EXERCISE OBJECTIVE:
Wherever the string "Shirt" appears in the entries below, return the line that holds it.

(Collected data entries)
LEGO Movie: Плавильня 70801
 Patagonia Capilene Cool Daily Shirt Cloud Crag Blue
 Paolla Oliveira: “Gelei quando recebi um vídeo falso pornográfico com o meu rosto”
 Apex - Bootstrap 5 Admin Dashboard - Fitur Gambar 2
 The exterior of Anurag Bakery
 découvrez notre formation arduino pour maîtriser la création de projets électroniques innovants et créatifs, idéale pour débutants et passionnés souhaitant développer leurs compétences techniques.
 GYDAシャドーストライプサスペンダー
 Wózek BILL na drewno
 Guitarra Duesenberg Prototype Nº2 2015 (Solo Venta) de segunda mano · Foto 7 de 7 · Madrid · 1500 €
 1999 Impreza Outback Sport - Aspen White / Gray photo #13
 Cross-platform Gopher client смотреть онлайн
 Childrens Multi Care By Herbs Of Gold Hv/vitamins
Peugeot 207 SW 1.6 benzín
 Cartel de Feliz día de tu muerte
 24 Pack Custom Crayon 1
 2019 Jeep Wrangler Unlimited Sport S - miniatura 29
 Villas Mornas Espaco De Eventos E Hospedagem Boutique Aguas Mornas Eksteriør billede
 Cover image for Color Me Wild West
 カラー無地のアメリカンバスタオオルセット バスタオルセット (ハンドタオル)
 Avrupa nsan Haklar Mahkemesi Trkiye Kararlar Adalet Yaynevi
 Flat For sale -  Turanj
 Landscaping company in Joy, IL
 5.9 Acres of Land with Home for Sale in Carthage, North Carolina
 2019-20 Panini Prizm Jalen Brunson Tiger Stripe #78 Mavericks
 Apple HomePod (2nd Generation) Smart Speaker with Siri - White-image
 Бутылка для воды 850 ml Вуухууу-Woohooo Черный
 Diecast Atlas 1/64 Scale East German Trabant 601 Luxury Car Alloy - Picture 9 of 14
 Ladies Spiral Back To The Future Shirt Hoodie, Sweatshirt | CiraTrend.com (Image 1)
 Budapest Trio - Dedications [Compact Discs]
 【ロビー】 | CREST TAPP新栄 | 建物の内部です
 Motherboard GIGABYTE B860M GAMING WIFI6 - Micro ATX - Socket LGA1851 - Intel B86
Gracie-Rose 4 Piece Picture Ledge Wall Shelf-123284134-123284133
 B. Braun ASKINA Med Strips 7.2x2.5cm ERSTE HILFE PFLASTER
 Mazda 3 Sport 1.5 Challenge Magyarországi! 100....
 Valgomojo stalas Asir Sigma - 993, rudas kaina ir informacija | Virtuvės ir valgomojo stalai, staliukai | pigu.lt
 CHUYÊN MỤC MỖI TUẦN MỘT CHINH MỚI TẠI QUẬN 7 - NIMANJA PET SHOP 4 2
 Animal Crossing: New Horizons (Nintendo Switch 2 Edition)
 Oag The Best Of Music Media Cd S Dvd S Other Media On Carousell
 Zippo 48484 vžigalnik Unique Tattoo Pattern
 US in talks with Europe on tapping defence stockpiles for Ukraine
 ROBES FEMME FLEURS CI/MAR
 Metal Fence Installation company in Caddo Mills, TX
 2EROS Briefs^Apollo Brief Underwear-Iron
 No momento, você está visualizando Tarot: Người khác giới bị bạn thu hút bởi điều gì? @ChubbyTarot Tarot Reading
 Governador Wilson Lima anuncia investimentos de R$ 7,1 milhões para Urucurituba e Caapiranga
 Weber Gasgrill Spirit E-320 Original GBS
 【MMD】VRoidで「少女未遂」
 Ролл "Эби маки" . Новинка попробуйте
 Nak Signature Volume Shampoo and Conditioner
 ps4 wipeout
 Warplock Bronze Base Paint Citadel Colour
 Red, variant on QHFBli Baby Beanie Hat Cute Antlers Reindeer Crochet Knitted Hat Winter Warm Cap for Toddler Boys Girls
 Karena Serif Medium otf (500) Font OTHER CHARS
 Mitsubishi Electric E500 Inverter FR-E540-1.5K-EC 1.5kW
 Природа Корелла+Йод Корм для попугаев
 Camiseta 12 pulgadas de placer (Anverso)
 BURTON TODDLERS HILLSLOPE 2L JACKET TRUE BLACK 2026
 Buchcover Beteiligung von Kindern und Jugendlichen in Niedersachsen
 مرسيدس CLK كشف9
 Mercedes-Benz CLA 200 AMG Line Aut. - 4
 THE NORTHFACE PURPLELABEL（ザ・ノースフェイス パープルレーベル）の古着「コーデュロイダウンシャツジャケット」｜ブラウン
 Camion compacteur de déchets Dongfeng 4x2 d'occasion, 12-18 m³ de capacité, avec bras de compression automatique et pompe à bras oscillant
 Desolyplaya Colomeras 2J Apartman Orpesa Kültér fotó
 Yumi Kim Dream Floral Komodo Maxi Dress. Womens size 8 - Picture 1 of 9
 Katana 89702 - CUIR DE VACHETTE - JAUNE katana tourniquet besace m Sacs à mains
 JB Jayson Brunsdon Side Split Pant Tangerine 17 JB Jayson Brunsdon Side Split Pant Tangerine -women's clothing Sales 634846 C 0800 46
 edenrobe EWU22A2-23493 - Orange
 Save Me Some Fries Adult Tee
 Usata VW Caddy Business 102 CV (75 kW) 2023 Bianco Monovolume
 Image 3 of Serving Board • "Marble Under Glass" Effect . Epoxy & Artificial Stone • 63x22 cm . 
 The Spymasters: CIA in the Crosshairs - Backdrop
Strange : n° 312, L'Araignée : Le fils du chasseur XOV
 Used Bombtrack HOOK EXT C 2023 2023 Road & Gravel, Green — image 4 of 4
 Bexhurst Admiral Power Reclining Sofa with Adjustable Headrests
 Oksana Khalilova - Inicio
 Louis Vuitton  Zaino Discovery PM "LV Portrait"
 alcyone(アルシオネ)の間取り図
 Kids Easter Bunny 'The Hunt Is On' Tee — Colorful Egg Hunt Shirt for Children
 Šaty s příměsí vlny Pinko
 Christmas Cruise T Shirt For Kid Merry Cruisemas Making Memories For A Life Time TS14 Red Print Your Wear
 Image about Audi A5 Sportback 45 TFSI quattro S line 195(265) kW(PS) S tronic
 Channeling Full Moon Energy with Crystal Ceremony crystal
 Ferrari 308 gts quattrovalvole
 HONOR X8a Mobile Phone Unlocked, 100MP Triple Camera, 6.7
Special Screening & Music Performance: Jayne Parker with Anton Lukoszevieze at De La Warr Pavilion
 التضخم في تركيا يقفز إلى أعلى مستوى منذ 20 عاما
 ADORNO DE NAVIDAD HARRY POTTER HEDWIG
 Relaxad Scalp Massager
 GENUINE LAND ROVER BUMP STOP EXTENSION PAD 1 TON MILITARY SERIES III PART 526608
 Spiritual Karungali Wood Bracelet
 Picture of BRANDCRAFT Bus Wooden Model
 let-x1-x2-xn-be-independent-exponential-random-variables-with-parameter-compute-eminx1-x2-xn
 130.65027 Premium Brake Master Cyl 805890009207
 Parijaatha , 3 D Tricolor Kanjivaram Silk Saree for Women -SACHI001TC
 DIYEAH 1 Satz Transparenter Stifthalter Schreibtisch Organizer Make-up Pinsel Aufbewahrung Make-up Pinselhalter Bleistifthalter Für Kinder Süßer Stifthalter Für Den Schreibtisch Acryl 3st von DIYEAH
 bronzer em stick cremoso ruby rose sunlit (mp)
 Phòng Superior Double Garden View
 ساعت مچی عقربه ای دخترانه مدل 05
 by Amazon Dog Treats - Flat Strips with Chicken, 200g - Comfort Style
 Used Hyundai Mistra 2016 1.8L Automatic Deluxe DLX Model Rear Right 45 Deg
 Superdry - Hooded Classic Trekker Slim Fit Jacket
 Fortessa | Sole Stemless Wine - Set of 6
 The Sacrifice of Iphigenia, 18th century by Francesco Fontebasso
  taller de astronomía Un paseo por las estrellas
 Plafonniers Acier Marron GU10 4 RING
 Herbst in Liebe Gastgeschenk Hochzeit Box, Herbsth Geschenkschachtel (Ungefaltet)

EXERCISE SOLUTION:
 Patagonia Capilene Cool Daily Shirt Cloud Crag Blue
 Ladies Spiral Back To The Future Shirt Hoodie, Sweatshirt | CiraTrend.com (Image 1)
 Kids Easter Bunny 'The Hunt Is On' Tee — Colorful Egg Hunt Shirt for Children
 Christmas Cruise T Shirt For Kid Merry Cruisemas Making Memories For A Life Time TS14 Red Print Your Wear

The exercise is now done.